__Dataset excerpts__:
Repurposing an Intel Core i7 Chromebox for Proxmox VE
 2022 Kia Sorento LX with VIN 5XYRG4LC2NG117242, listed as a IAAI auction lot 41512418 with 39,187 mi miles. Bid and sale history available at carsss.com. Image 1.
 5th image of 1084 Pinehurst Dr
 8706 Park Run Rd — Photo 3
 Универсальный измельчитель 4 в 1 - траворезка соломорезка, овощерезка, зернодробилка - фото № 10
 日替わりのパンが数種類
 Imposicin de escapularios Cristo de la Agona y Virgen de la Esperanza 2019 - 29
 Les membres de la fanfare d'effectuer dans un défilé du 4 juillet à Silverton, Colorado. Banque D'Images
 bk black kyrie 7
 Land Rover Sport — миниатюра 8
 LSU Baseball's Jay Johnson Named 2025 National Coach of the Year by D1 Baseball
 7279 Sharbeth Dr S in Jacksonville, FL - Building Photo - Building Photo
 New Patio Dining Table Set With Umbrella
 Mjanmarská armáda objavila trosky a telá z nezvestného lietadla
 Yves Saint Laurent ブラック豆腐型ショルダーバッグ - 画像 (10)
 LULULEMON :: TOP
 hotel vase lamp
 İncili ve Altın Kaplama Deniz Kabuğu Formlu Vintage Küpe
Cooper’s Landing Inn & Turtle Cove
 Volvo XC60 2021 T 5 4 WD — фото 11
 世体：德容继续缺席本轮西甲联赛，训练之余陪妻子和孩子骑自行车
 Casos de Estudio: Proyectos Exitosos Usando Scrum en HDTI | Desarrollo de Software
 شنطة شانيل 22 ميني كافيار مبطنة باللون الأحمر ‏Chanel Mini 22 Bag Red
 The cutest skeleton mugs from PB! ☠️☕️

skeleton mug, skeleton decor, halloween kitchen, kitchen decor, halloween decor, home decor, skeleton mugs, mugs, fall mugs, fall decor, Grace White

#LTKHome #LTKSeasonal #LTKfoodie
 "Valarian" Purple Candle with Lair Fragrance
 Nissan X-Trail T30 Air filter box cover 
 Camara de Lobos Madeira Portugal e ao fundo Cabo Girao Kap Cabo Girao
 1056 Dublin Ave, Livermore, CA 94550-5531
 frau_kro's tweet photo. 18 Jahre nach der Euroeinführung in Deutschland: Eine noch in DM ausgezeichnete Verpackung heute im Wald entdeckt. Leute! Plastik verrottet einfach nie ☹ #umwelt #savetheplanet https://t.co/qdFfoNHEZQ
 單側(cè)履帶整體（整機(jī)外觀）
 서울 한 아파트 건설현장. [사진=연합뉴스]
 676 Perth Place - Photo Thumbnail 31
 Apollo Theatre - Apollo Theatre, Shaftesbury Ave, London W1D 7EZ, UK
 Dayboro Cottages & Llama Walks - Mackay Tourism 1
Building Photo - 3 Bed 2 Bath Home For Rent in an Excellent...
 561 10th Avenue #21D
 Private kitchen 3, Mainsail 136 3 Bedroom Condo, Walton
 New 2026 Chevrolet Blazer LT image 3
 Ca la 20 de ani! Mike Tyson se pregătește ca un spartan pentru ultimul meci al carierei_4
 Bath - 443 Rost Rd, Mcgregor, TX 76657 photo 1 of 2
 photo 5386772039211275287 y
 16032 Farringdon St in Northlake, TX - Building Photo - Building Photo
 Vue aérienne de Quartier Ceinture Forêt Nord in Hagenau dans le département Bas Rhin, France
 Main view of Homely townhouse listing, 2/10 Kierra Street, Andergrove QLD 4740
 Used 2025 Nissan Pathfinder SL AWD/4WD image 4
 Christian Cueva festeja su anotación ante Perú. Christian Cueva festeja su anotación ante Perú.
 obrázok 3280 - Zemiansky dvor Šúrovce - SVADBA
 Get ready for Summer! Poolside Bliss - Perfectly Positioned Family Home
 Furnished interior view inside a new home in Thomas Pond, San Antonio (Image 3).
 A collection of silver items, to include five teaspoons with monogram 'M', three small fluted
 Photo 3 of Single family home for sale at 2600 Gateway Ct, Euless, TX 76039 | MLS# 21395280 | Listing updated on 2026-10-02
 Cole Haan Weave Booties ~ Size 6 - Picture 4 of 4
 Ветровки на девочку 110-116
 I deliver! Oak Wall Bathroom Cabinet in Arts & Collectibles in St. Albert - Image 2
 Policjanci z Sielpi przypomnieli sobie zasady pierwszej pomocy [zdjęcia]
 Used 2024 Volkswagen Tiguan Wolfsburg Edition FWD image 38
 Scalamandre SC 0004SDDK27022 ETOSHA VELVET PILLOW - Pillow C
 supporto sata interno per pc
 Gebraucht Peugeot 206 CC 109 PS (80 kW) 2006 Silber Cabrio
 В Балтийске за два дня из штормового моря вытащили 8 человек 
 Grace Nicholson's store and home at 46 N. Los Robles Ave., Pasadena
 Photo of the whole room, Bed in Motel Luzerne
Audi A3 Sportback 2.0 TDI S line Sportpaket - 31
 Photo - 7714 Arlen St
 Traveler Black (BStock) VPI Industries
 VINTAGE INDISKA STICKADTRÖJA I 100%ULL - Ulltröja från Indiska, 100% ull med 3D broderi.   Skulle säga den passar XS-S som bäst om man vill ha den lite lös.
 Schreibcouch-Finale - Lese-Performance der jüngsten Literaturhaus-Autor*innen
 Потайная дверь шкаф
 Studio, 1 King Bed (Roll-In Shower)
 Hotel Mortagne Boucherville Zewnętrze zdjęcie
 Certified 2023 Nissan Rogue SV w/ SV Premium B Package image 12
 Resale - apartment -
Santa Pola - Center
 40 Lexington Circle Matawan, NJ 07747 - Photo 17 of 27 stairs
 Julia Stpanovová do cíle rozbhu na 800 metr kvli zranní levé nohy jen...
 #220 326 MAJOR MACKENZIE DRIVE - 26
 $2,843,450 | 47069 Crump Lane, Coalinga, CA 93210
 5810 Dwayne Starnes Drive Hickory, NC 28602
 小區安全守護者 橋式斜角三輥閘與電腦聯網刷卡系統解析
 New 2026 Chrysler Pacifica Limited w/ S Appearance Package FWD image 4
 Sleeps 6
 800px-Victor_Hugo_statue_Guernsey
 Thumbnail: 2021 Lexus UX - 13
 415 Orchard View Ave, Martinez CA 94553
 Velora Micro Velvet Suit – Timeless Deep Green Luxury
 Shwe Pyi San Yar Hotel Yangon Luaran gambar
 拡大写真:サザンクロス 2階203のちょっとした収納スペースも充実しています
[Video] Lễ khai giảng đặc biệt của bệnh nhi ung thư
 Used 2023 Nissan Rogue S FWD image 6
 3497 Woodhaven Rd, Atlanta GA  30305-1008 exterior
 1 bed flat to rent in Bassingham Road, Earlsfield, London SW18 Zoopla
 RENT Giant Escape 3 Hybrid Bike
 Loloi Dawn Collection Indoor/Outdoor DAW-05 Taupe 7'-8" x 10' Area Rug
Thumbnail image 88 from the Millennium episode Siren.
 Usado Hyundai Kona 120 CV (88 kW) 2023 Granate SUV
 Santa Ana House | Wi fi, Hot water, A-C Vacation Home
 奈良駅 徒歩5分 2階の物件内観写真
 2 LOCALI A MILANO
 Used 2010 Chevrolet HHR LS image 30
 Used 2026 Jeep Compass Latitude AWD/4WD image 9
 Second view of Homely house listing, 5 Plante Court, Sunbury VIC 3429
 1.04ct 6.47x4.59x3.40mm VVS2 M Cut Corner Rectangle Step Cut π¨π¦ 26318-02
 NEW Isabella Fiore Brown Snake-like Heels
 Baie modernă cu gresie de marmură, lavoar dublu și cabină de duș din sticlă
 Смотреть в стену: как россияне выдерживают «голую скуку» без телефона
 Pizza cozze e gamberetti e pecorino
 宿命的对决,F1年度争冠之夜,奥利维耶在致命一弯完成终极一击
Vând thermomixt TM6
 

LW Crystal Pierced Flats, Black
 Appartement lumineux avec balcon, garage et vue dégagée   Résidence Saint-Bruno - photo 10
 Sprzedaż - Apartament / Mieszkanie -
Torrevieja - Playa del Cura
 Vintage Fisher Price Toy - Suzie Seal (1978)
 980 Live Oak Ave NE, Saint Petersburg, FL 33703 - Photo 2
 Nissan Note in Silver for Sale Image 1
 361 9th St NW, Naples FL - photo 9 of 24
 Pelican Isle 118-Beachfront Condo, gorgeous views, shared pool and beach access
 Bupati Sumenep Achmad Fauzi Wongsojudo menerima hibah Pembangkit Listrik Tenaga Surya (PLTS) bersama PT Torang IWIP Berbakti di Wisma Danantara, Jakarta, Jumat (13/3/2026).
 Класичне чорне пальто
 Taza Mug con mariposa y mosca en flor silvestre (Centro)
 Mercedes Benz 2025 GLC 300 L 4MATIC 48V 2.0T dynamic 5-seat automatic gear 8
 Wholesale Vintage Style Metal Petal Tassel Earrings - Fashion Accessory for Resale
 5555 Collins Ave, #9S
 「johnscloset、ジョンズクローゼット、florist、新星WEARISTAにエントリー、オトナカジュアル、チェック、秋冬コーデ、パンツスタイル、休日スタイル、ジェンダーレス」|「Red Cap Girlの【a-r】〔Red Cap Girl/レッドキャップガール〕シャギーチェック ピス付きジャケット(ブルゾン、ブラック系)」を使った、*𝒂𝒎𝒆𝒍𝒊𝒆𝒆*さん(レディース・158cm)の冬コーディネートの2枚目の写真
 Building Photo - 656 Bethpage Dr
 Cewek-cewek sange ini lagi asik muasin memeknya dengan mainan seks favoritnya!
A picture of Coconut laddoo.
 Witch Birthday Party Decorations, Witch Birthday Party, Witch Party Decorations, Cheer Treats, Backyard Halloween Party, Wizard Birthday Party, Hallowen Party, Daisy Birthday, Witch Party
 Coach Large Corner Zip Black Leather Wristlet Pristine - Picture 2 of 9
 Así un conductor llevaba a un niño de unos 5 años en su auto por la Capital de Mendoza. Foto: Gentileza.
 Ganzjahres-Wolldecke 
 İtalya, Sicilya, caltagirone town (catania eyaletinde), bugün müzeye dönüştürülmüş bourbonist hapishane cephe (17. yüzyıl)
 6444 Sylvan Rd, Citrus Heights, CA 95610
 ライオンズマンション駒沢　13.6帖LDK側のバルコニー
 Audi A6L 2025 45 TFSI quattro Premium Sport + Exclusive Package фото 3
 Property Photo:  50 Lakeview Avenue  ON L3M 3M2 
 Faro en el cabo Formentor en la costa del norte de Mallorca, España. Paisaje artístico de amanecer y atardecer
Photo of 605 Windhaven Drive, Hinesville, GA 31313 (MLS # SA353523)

__Aim of the task__: Output the lines above between the one holding "Gebraucht Peugeot 206" and the one holding "Потайная дверь шкаф", inclusive, with nothing before or after them.

__Output__:
 Gebraucht Peugeot 206 CC 109 PS (80 kW) 2006 Silber Cabrio
 В Балтийске за два дня из штормового моря вытащили 8 человек 
 Grace Nicholson's store and home at 46 N. Los Robles Ave., Pasadena
 Photo of the whole room, Bed in Motel Luzerne
Audi A3 Sportback 2.0 TDI S line Sportpaket - 31
 Photo - 7714 Arlen St
 Traveler Black (BStock) VPI Industries
 VINTAGE INDISKA STICKADTRÖJA I 100%ULL - Ulltröja från Indiska, 100% ull med 3D broderi.   Skulle säga den passar XS-S som bäst om man vill ha den lite lös.
 Schreibcouch-Finale - Lese-Performance der jüngsten Literaturhaus-Autor*innen
 Потайная дверь шкаф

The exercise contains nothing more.